Segundo o gabinete de comunicação institucional e imprensa, da direcção-geral do Serviço de Investigação Criminal (SIC), os funcionários do Ministério do Interior, não trabalharam sozinhos no esquema, tiveram auxílio de três comparsas que estão igualmente detidos.
Os cinco elementos, com idades compreendidas entre os 21 e 26 anos, foram encaminhados para o Ministério Público por fortes indícios da prática dos crimes de sequestro e homicídio qualificado.
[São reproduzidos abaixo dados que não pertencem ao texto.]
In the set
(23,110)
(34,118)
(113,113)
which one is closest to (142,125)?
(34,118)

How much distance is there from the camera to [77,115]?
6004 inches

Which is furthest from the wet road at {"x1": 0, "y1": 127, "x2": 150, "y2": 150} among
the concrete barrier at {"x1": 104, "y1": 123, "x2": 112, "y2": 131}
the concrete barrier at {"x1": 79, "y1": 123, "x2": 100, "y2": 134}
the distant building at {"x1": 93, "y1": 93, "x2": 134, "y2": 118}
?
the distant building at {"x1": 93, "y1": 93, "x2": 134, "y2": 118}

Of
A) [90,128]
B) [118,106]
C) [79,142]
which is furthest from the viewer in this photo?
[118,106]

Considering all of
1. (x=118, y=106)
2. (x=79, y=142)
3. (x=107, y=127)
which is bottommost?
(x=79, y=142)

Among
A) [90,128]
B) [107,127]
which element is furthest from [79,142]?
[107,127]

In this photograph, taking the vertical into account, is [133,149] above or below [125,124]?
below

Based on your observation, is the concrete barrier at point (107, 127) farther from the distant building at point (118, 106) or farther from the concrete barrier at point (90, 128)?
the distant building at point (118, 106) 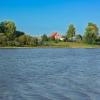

Tudo começou na última semana, quando a quadrilha, a bordo de uma viatura de marca KIA Sportage, terá interpelado os comerciantes na via pública para um suposto negócio de compra e venda de ouro.
"No interior da viatura, os implicados anunciaram o sequestro, exibiram uma pistola e exigiram o pagamento de 10 milhões de kwanzas para serem postos em liberdade", explica o SIC.
Nas proximidades da aldeia de Quilomosso, o grupo terá acedido aos telemóveis das vítimas e através da aplicação bancária Express conseguido subtrair 200 mil kz da conta do angolano e três milhões de kz do estrangeiro, fazendo transferências para diferentes contas.
Em seguida, terão disparado contra os homens, de 36 e 40 anos, que morreram imediatamente. Posteriormente, os alegados homicidas terão fugido para parte incerta, deixando para trás os cadáveres.
Por intermédio de uma denúncia, os agentes localizaram e detiveram os cinco presumíveis autores e apreenderam a viatura utilizada durante o suposto crime, concluiu o SIC.